3. Renforcer le rôle de la société civile pour redonner une existence sociale aux personnes en fin de vie

Pour sortir de la vision médico-centrée de la fin de vie, le rapport esquisse une série de mesures visant à renforcer le rôle de la société civile auprès des personnes gravement malades. Au-delà de l’objectif affiché d’améliorer leur qualité de vie, nous pouvons espérer que cette amélioration de la reconnaissance et des moyens donnés à la société civile pour se tenir aux côtés de ceux qui vont bientôt mourir soit moteur d’une prise de conscience sociétale de l’importance du temps de la fin de la vie à l’échelle de chaque existence. Comme nous accordons une valeur particulière à la naissance et aux premières années de la vie, nous devons poser un regard valorisant sur l’autre extrémité de la vie et la vivre pleinement, collectivement, sans en avoir peur. Cette peur, liée au tabou, a pour conséquence la solitude des personnes en fin de vie. Solitude physique, relationnelle, émotionnelle qui les isole, les attriste et les angoisse.  

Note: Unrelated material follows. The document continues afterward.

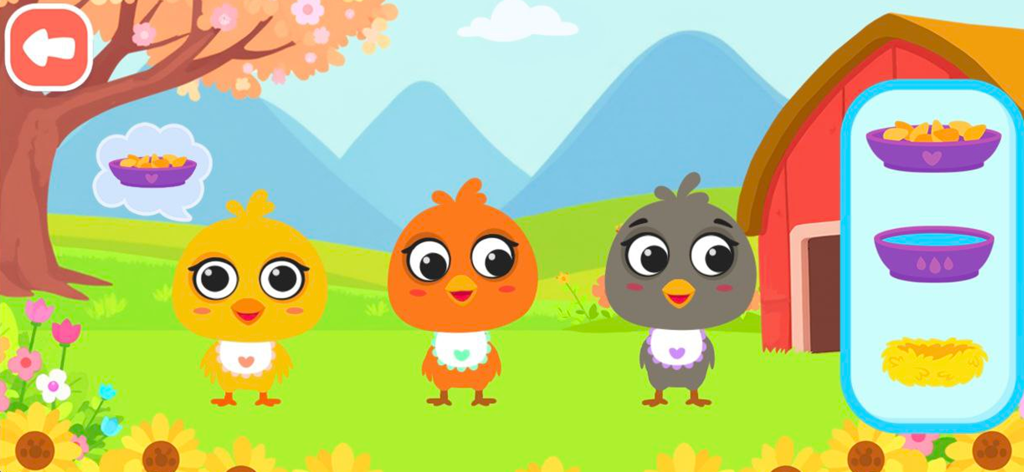 Farming game: Animal farm life - 農場の畑で、よだれかけをした3羽のカラフルなひよこが餌のメニューの隣に立っている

Le rapport propose de reprendre le modèle canadien des « communautés compatissantes » pour créer dans les territoires des « collectifs d’entraide », rassemblements d’individus engagés qui œuvrent ensemble à améliorer le bien-être des personnes confrontées à la fin de vie, au deuil ou à une perte significative au sein de leur famille. Développés par les collectivités territoriales, ils rassembleraient des personnes issues de divers organismes communautaires, groupes citoyens, milieux de travail, écoles et lieux de culte.

Il s’agira des préciser plus concrètement leurs missions, leurs leviers d’actions, de définir les fonctions et les rôles des membres de ces collectifs, leurs modalités d’interactions avec les équipes soignantes, pour leur donner une place effective dans la prise en charge globale de la personne. Il s’agira également de définir en quoi elles se distinguent des associations de bénévoles d’accompagnement en fin de vie et comment elles en seraient complémentaires.

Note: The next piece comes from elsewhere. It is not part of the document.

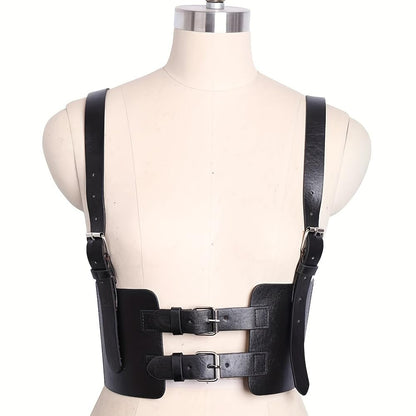 ALRICOL Women Fashion Faux Leather Waist Belt Steampunk Underbust Corset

a) Valoriser le bénévolat d’accompagnement à travers des mesures réellement incitatives

Les bénévoles d’accompagnement ont une fonction définie depuis la loi Kouchner de 1999, qui les considère comme des acteurs des soins palliatifs. En offrant une oreille attentive, bienveillante et non jugeante aux personnes gravement malades, ces anonymes permettent souvent de libérer des paroles, questionnements, doutes ou volontés les plus intimes car, à la différence des échanges avec les soignants ou les proches, il n’y a avec eux aucun enjeu médical ou émotionnel. Ils sont des visages de la société civile qui témoignent au nom du corps social, par leur présence leur attention et leur intérêt, de la valeur des personnes en fin de vie au sein de la communauté humaine et citoyenne. En cela ils constituent des remparts contre la mort sociale des personnes en fin de vie, et participent à redonner du sens à ce temps de vie. Ils peuvent aider les personnes qui le souhaitent à cheminer sur leur propre finitude, à verbaliser ce qu’il est parfois difficile de dire à ses proches ou à ses médecins quand eux-mêmes sont pris dans la logique de surmédicalisation et de survie liée au tabou de la mort. Ce type de bénévolat exigeant un investissement personnel considérable, à la fois en termes de disponibilité hebdomadaire, de temps de formation et de suivi, d’implication sur la durée, les bénévoles sont en majorité des retraités et leur nombre décroît d’année en année – d’autant plus significativement depuis la crise sanitaire. La pénurie de bénévoles et les difficultés à en recruter de nouveaux sont régulièrement exprimées par l’ensemble des associations.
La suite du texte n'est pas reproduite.